Items listed in a dataset
——

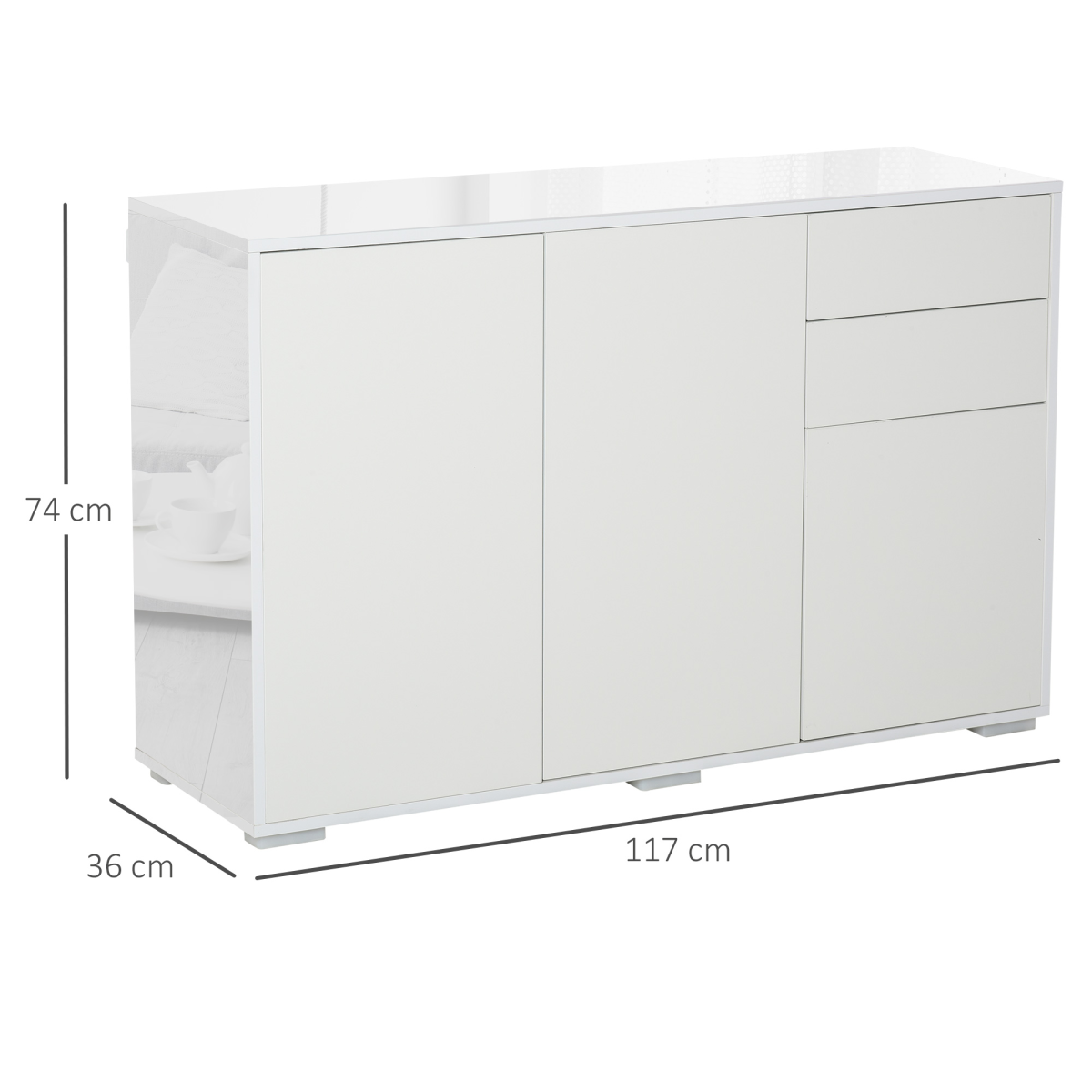 HOMCOM White Side Cabinet with 2 Doors, 2 Drawers, Adjustable Shelf, Push Open Design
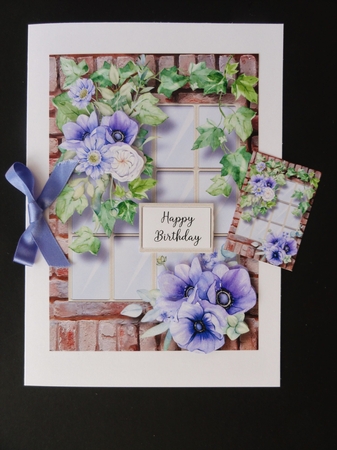 The Ivy & Purple Blooms Window 2 A5 by Valerie Spowart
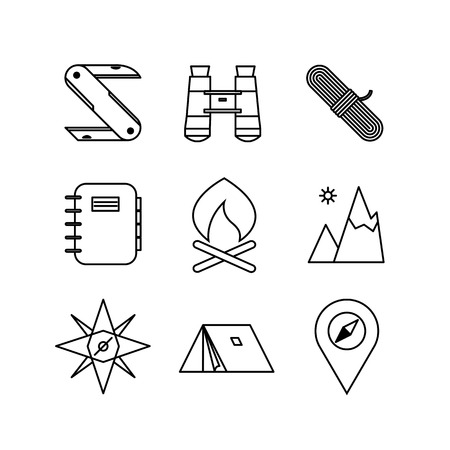 Various Adventure Thin Line Icon Symbol Vector Illustration Graphic Design such as compass, notebook and binocularsのイラスト素材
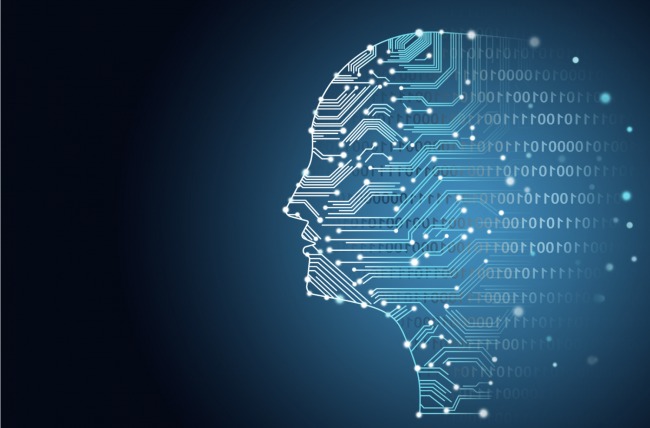 artificial intelligence image outline of head with numbers and data streaming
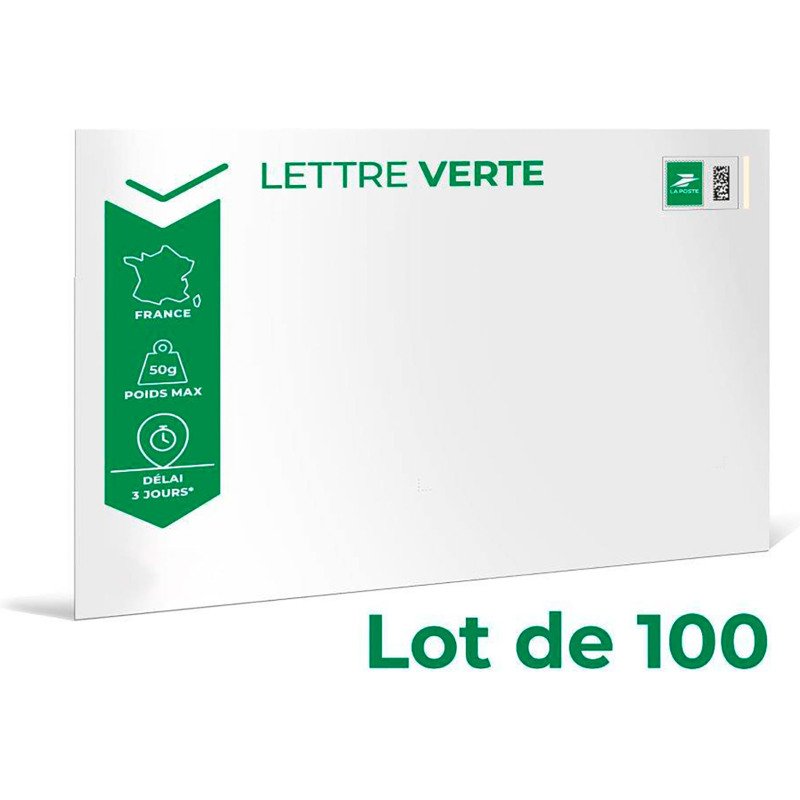 Enveloppe Prêt à Poster Lettre Verte - Boîte de 100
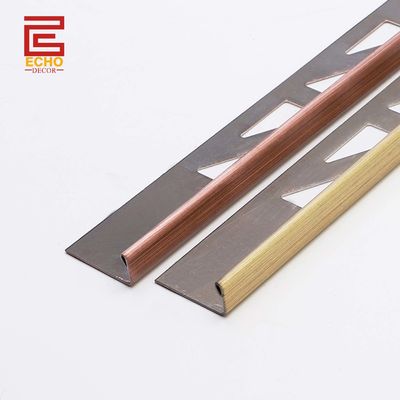 Qualität  Outdoor Straight Stainless Steel Tile Trim Flat Metal Edge Trim 10mm usine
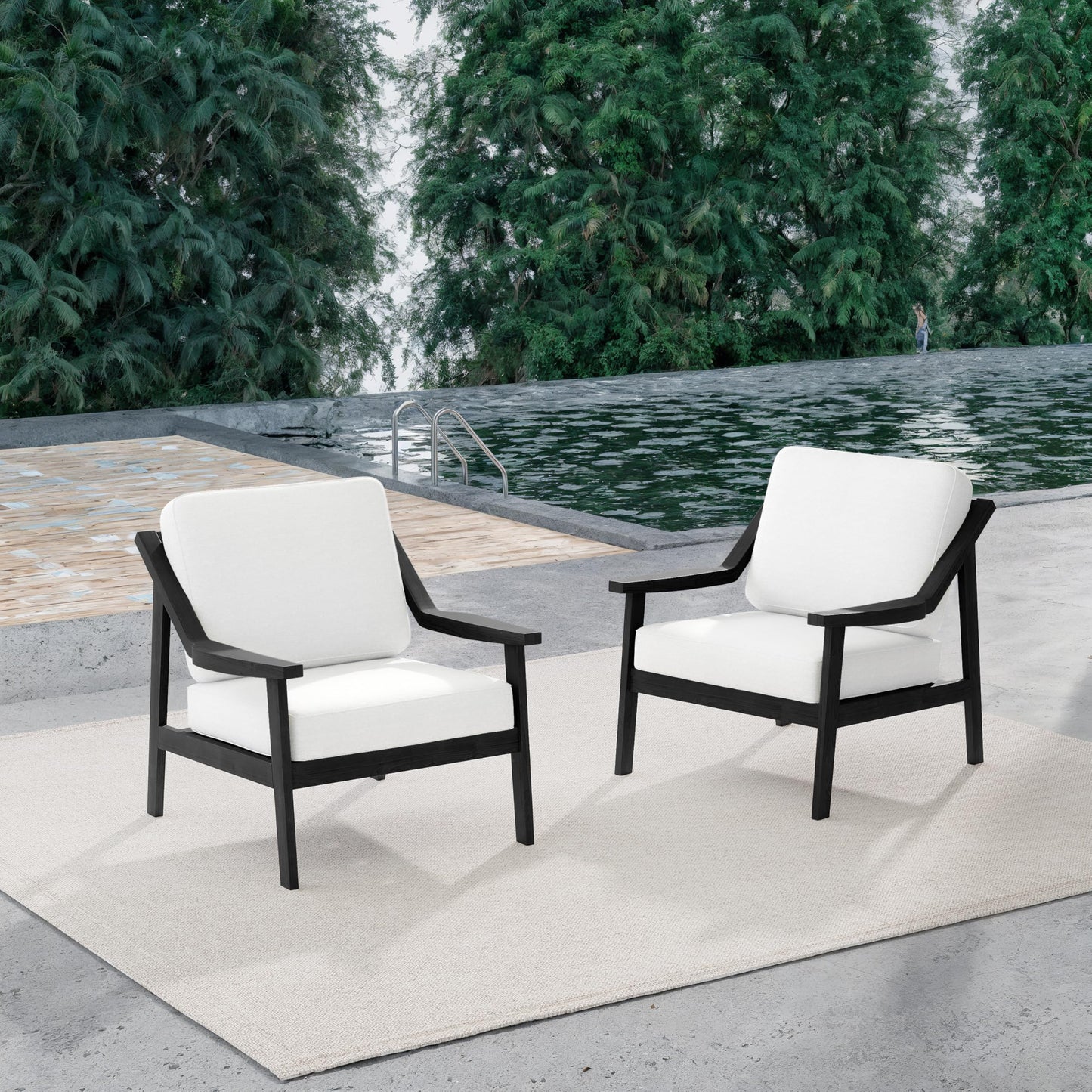 Outdoor Patio Furniture Set, 2 Piece Outdoor Patio Sofa Armchairs with Washable Thick Cushions, All-Weather Solid Wood Patio Bistro Set for Porch, Balcony, Natural Frame & Beige Cushion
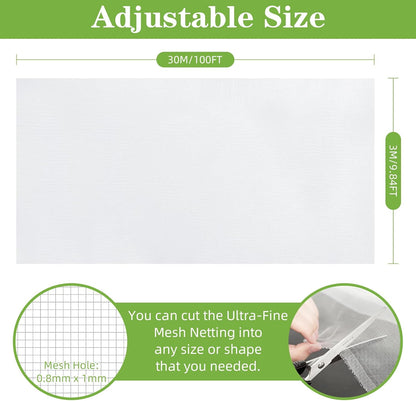 10 x 100FT Garden Mesh Netting, Ultra Fine Mesh Protection Netting Plant Covers Greenhouse Row Cover Raised Bed Screen Barrier Net for Vegetable Fruits Flowers Trees Crops, White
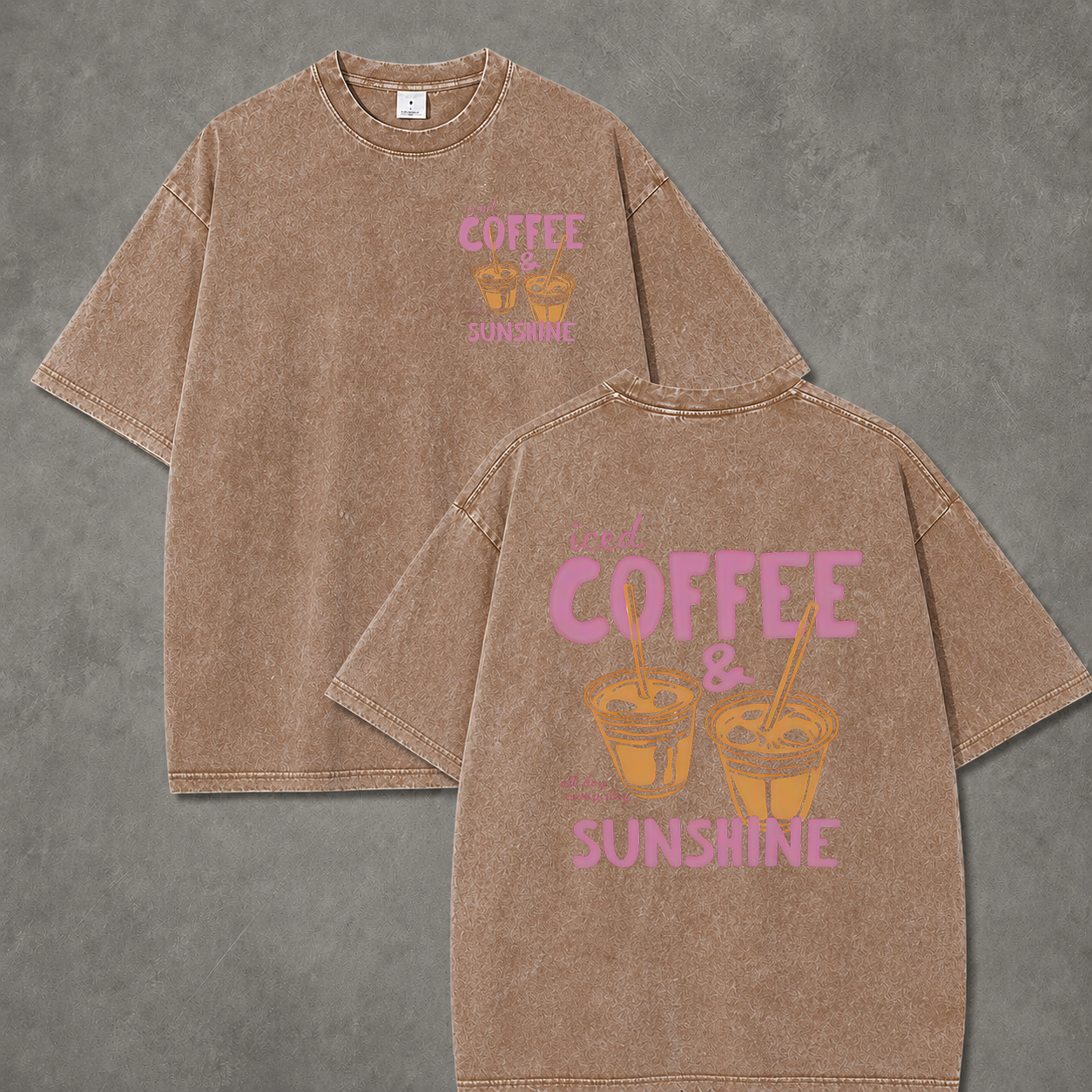 Retro Acid Wash Iced Coffee & Sunshine Art Print T-Shirt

——

PROBLEM DETAILS =
Could you transcribe exactly the entries above, but only the lines from the one with "Enveloppe Prêt à" through the one with "Outdoor Patio Furniture", and without pictures?

RESPONSE TO THIS TASK =
 Enveloppe Prêt à Poster Lettre Verte - Boîte de 100
 Qualität  Outdoor Straight Stainless Steel Tile Trim Flat Metal Edge Trim 10mm usine
 Outdoor Patio Furniture Set, 2 Piece Outdoor Patio Sofa Armchairs with Washable Thick Cushions, All-Weather Solid Wood Patio Bistro Set for Porch, Balcony, Natural Frame & Beige Cushion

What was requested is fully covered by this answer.